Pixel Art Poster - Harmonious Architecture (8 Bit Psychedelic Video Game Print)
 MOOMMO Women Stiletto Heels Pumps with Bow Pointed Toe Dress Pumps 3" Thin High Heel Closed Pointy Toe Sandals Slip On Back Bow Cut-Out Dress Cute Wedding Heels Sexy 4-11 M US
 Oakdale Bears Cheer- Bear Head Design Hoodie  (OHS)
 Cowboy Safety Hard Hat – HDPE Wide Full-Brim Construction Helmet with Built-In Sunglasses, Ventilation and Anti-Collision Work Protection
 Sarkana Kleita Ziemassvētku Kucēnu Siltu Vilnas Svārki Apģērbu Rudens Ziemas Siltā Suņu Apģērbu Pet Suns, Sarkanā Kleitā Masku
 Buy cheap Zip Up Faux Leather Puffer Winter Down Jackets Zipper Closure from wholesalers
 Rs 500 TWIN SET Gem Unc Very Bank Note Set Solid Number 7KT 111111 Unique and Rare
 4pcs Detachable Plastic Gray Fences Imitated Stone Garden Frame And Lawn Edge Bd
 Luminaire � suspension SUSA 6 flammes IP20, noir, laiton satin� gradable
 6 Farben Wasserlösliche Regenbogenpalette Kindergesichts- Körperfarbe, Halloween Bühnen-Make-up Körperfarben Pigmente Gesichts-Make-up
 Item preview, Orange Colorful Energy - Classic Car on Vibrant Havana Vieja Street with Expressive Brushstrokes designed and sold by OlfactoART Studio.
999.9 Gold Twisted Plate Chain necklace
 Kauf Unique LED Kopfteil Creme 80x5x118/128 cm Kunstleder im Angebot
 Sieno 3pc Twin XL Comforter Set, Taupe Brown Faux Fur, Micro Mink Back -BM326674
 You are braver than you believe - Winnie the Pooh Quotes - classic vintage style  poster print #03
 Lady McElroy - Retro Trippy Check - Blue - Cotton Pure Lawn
========
DESCRIPTION OF THE TASK :: Going through the material above, tally the lines holding "Unique" and give the number alone.

RESPONSE :: 2